Pictures with short captions
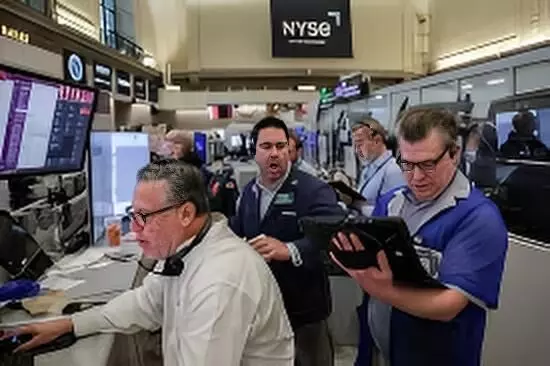 US Markets Slide as December Begins; Bitcoin Tumbles in Major Sell-Off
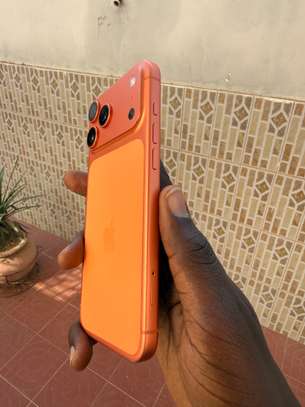 Iphone 17 Pro Max Sim Physique image 3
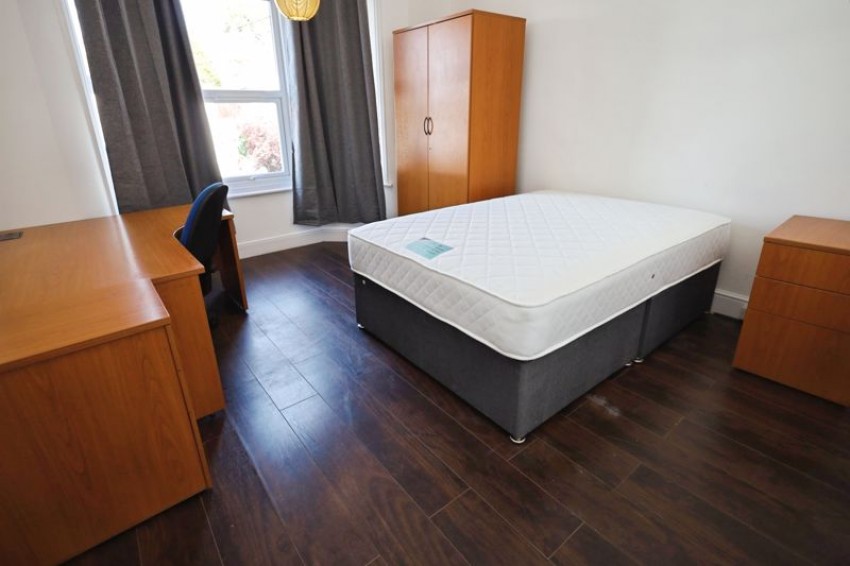 Images for Eight bedroom student house in Alma Road, Winton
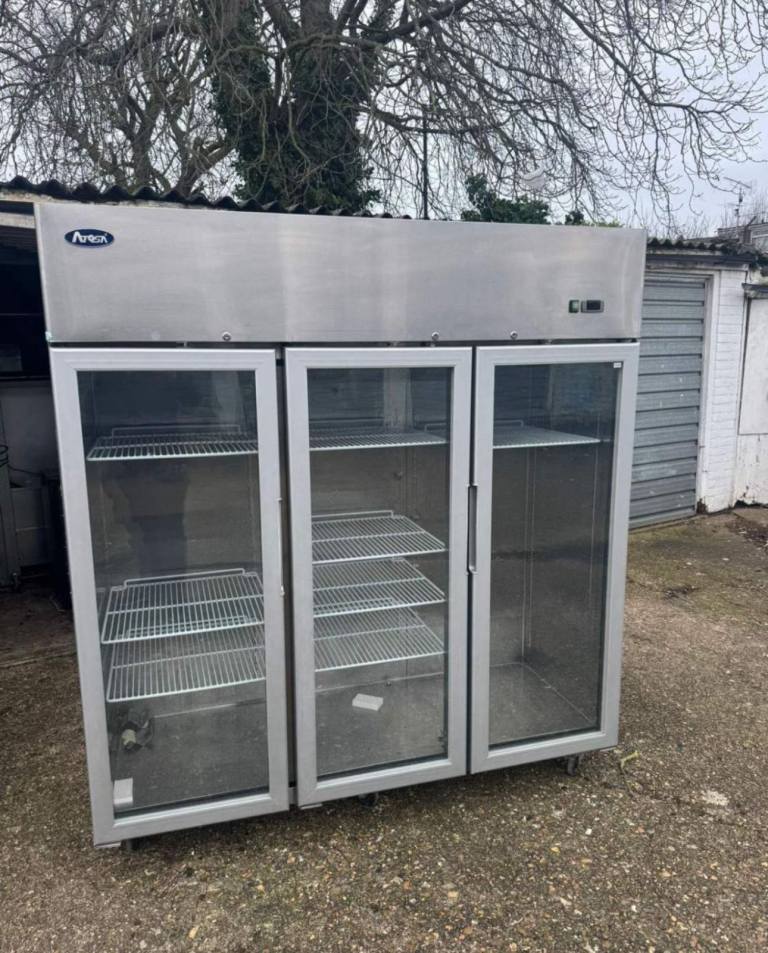 Commercial upright triple door fridge cafe shop restaurant 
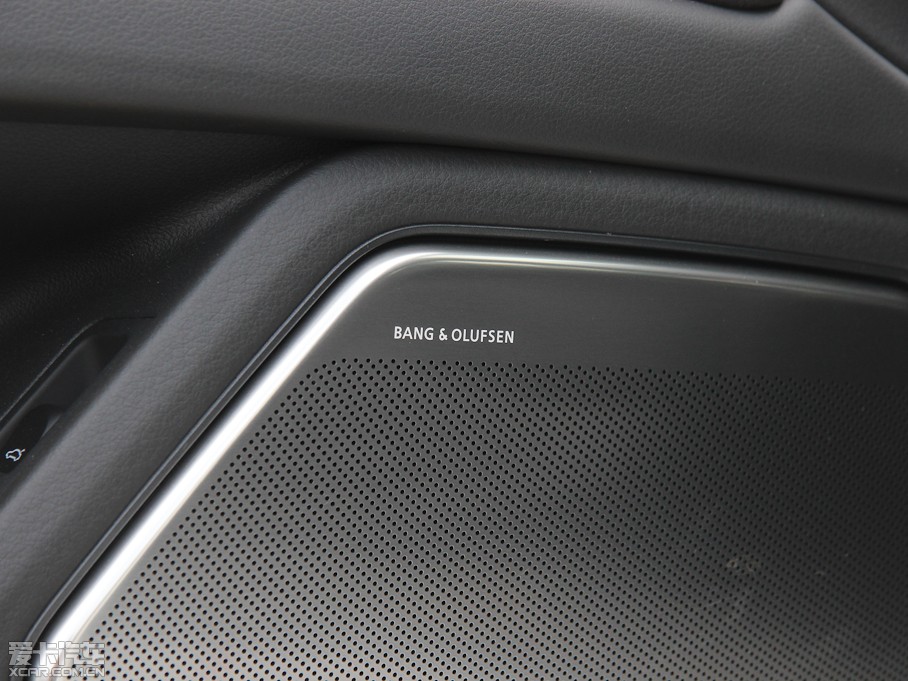 2013?yun)WS7 4.0T TFSI quattro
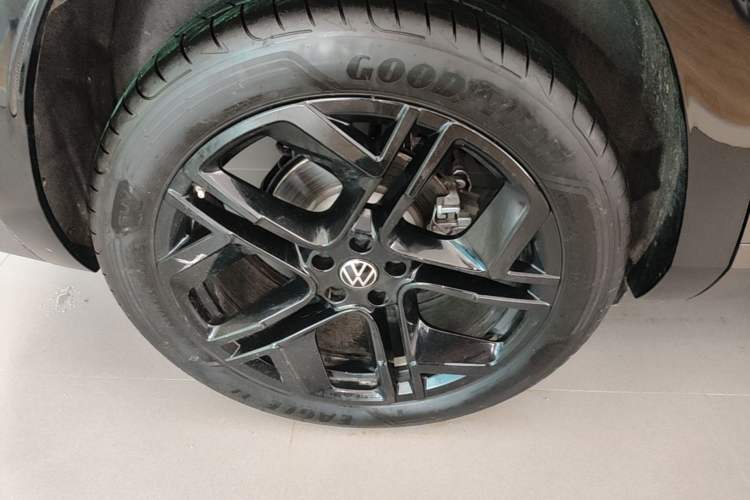 Used Volkswagen Teramont 2025 Tiguan Pro 450TSI Four-Wheel Drive Summit Edition Right Rear Wheel Hub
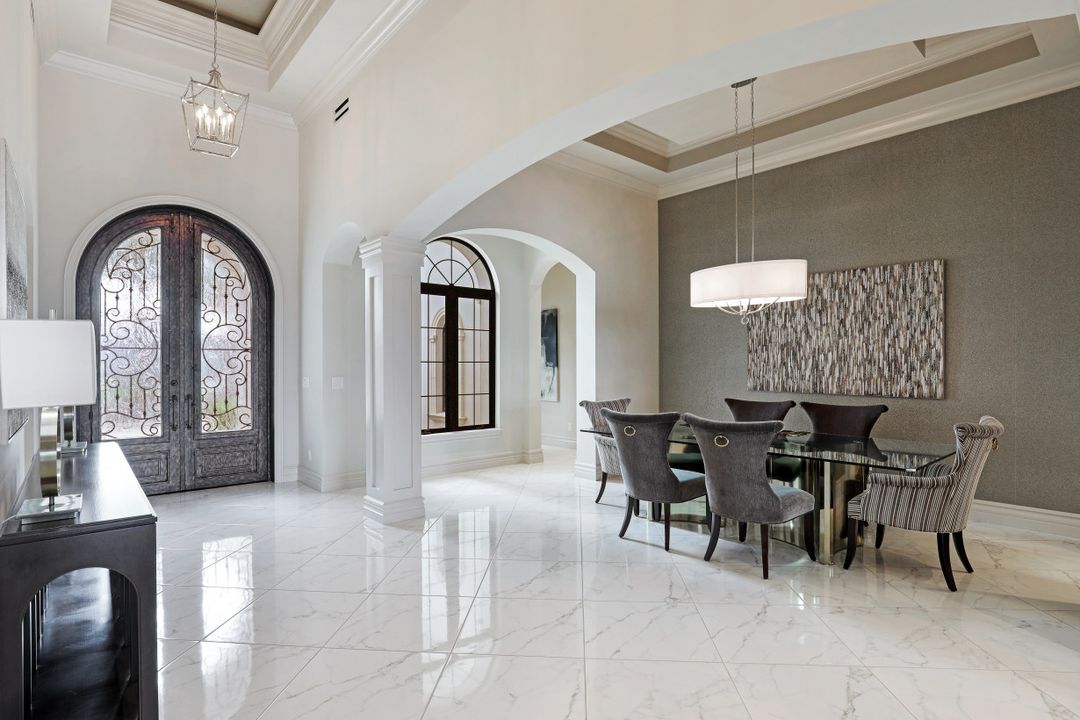 16459 Seneca Way, Naples, FL 34110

_YOUR GOAL_
Pictures must be left out. Repeat exactly the lines from the one containing "Images for Eight" through the final line of the data.

_RESULT_
 Images for Eight bedroom student house in Alma Road, Winton
 Commercial upright triple door fridge cafe shop restaurant 
 2013?yun)WS7 4.0T TFSI quattro
 Used Volkswagen Teramont 2025 Tiguan Pro 450TSI Four-Wheel Drive Summit Edition Right Rear Wheel Hub
 16459 Seneca Way, Naples, FL 34110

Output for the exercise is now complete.